• _Records to process_:

*****

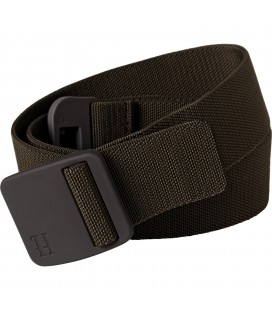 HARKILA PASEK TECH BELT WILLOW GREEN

*****

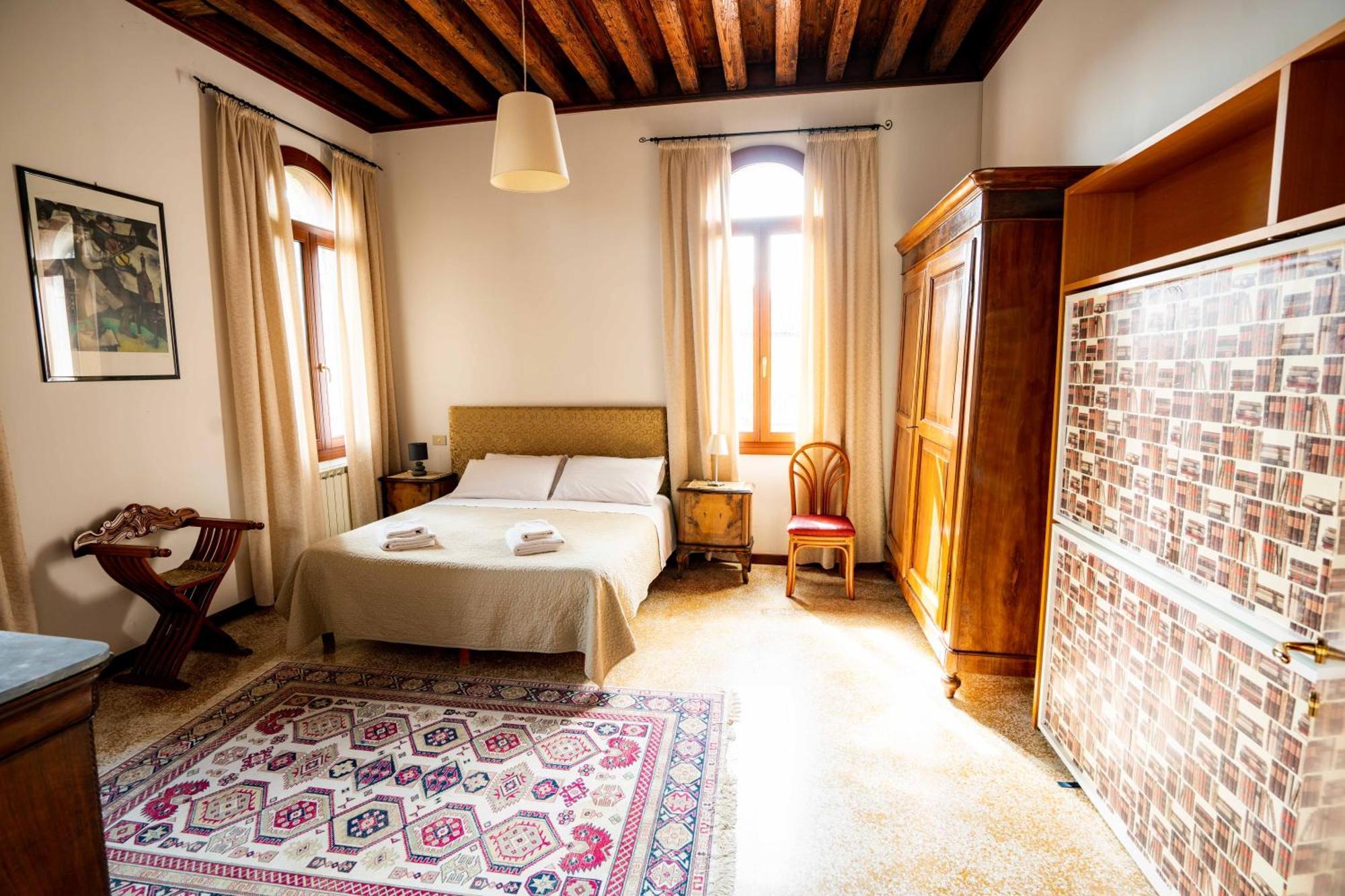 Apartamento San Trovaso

*****

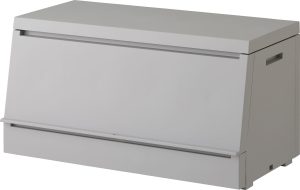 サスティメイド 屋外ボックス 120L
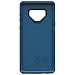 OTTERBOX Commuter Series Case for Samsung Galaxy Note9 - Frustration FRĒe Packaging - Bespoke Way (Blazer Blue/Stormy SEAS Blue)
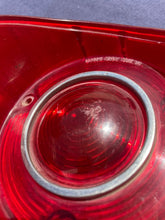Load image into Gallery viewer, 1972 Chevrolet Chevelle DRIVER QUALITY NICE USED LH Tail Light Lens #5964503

*****

• _What the task asks_:
Find the line with "OTTERBOX Commuter Series" in the data above, and from there retype each line exactly through the line with "Load image into", skipping the pictures along the way.

• _Solution to the problem_:
 OTTERBOX Commuter Series Case for Samsung Galaxy Note9 - Frustration FRĒe Packaging - Bespoke Way (Blazer Blue/Stormy SEAS Blue)
Load image into Gallery viewer, 1972 Chevrolet Chevelle DRIVER QUALITY NICE USED LH Tail Light Lens #5964503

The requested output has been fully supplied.